(Dataset records)
☆ ☆ ☆ ☆

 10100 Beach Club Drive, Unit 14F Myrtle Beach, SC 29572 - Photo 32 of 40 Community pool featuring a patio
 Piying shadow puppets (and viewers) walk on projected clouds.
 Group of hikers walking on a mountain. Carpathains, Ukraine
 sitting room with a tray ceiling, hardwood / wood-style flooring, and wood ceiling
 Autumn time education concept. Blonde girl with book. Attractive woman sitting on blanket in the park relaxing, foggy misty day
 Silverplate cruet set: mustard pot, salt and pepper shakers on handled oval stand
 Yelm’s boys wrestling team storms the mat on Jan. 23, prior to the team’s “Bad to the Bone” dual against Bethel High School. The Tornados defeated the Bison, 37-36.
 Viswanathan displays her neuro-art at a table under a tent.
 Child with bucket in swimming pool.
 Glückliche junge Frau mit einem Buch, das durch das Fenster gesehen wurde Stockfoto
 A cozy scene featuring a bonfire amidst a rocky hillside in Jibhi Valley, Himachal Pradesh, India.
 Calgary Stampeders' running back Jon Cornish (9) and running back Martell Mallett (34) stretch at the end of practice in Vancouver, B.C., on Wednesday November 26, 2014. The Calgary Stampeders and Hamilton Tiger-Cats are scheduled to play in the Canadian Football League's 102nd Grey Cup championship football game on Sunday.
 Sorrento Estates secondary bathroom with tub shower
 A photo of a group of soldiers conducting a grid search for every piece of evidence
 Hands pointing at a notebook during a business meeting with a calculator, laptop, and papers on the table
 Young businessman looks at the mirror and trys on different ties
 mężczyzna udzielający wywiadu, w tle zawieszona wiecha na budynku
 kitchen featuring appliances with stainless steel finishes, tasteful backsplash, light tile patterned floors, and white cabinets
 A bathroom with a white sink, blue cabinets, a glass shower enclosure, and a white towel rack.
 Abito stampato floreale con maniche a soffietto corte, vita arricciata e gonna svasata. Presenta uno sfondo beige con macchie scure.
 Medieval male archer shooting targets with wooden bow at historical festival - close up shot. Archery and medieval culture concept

☆ ☆ ☆ ☆

• [Your goal]:
Go to the line with "Group of hikers" in the entries above and repeat every line from there through the line with "Silverplate cruet set: mustard", exactly and with no other text.

• [Finished exercise]:
 Group of hikers walking on a mountain. Carpathains, Ukraine
 sitting room with a tray ceiling, hardwood / wood-style flooring, and wood ceiling
 Autumn time education concept. Blonde girl with book. Attractive woman sitting on blanket in the park relaxing, foggy misty day
 Silverplate cruet set: mustard pot, salt and pepper shakers on handled oval stand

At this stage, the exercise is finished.